調査の対象として、土地台帳、閉鎖登記簿等により概ね明治30年以降の沿革が分かります。
そして、その調べた沿革の中から図面等の資料を収集し、整理します。特に重要なものとして次のようなものがあります。

①旧公図等の古図
一般的に見取図的な公図は、境界線復元には向いていません。しかし古図の中には、正確な測量により作製されたものや、各土地の辺長が記載されたもの、里道・水路のみではあるが、辺長が記載されたものがあります。
②分筆申告図
一般的には昭和25年以降のものが法務局又は市区町村役場に保管されている事例が多いのですが、これも分筆地の辺長が記載されている場合が多いので、参考となります。
③地積測量図
皆様よくご存じだと思いますが、この図面は概ね昭和55年以前と以降により大きく変わります。
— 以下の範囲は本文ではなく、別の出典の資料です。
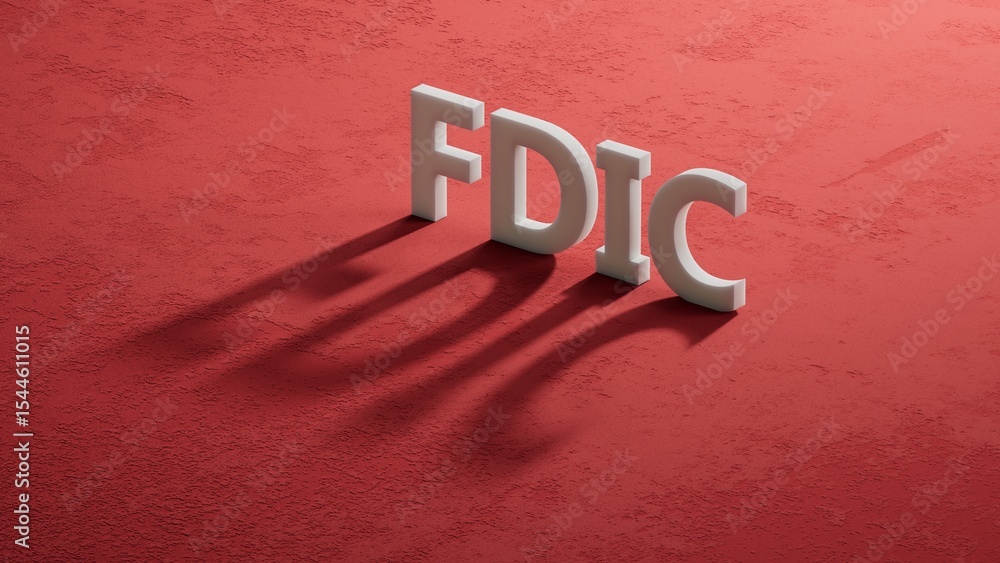 Poster fdic word written on shadow of 3d charcaters with copy space.close up of shadow of 3d charcaters,bus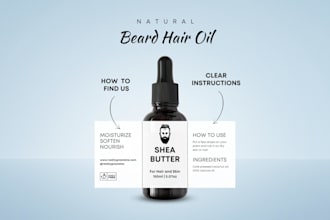 do beard hair oil label, box packaging, bottle design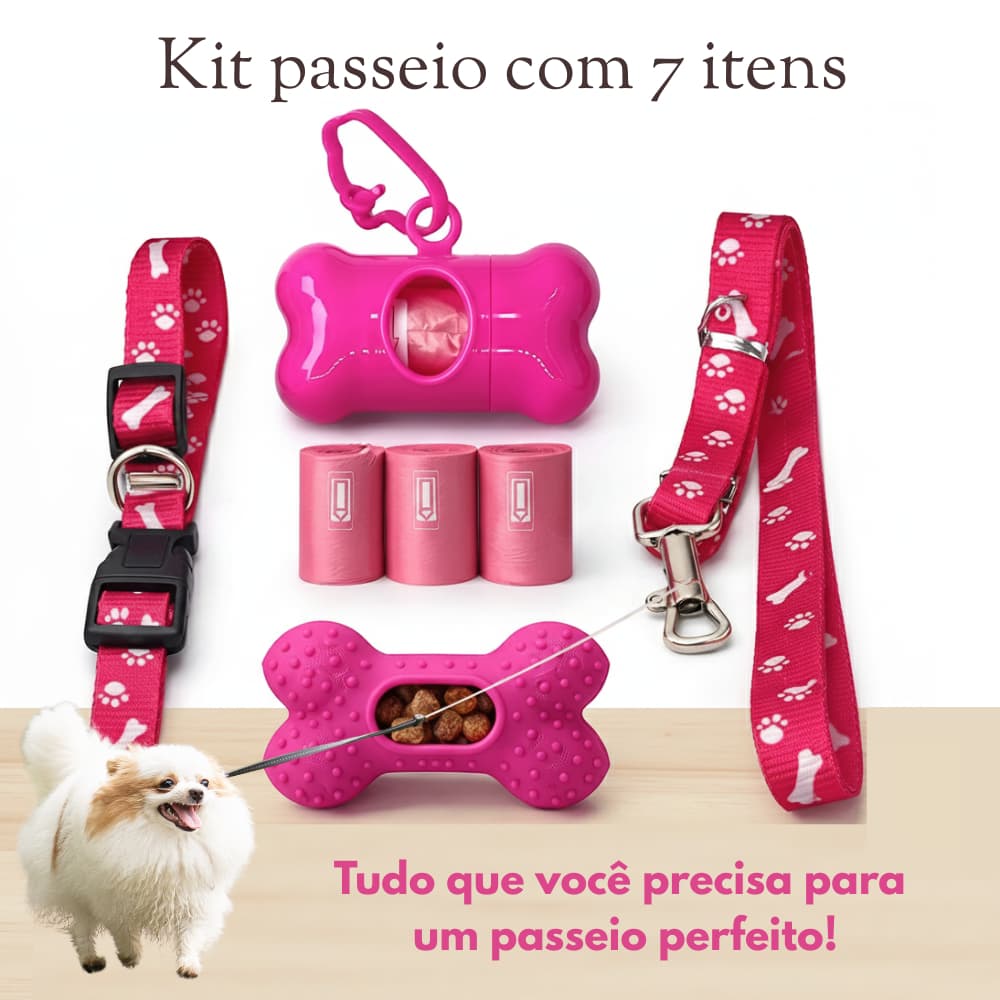 Kit Passeio Pet Completo | Coleira, Guia, Brinquedo Recheável e Saquinho Cata-Caca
それ以前は利害関係地との立会を省略して作製された図面が多くあるからです。
④開発図、換地確定図
広範囲に各土地の辺長や角度等が読み取れる場合が多いので、特に重要な資料であります。最近のものでは、境界点等の座標値が入手できる場合もあります。
⑤14条地図と境界点、基準点の座標値
14条作業が最近のものであれば、容易に境界点が復元できます。しかし、この14条地図の作製が昭和50年代であれば、境界点の座標値が存しない場合があり、この場合は図上読み取りにより筆界線を復元しなければなりません。

これらの収集した資料と、測量地や隣接地の周囲にある既設の境界標、現況地物を照らし合わせて、総合的に判断するわけです。
実際の立会時には、境界線について土地の所有者が、ここが境界であるとの認識があるわけですが、双方の認識が合致している場合や相違している場合、又は曖昧な場合があります。
何れにせよ、土地家屋調査士が想定した筆界線(収集した資料により幅がある)の範囲内で境界線を確認することが重要なのです。実際の立会では、双方の所有者の認識と違ったところが筆界線であることもよくあります。